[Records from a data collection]
---*---

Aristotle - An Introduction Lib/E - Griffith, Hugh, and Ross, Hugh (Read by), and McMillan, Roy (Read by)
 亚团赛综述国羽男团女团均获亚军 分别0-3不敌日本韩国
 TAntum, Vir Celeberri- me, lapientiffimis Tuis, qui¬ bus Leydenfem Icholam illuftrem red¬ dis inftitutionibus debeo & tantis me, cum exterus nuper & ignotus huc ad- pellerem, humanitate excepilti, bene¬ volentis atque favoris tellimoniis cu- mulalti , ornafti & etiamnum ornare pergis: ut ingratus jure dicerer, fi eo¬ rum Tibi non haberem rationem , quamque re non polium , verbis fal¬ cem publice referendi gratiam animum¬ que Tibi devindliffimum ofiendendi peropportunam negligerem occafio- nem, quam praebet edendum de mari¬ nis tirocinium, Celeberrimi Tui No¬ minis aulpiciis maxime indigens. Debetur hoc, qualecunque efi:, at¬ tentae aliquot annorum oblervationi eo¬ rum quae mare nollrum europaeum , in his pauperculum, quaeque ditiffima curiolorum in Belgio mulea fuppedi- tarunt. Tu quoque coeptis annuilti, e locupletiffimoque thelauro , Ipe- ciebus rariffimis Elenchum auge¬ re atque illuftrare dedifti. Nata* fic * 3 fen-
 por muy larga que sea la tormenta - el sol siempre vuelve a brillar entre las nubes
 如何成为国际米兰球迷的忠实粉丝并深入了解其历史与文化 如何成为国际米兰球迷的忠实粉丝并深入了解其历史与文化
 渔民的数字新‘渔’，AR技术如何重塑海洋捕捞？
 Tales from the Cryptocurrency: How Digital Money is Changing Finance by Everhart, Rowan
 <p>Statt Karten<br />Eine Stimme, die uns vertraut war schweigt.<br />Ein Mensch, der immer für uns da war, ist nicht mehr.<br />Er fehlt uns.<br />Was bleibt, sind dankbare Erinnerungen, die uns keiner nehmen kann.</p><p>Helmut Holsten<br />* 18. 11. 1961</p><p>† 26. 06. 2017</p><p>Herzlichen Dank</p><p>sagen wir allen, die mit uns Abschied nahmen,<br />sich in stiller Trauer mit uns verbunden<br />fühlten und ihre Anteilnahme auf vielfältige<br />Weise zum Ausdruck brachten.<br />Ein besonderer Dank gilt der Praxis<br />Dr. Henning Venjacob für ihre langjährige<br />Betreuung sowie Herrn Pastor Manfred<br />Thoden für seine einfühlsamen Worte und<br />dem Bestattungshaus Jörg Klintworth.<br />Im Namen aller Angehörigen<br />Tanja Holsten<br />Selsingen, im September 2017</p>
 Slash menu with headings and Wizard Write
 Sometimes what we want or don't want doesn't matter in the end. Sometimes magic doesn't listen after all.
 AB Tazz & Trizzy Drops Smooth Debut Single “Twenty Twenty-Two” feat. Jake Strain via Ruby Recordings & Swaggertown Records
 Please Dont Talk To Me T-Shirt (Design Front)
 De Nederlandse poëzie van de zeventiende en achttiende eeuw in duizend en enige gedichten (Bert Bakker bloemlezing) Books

---*---

* WHAT IS EXPECTED:
Your task is to copy exactly, and only, the lines from the line with "Slash menu with headings and Wizard Write" through the last line of the entries, both included.

* SOLUTION BELOW:
 Slash menu with headings and Wizard Write
 Sometimes what we want or don't want doesn't matter in the end. Sometimes magic doesn't listen after all.
 AB Tazz & Trizzy Drops Smooth Debut Single “Twenty Twenty-Two” feat. Jake Strain via Ruby Recordings & Swaggertown Records
 Please Dont Talk To Me T-Shirt (Design Front)
 De Nederlandse poëzie van de zeventiende en achttiende eeuw in duizend en enige gedichten (Bert Bakker bloemlezing) Books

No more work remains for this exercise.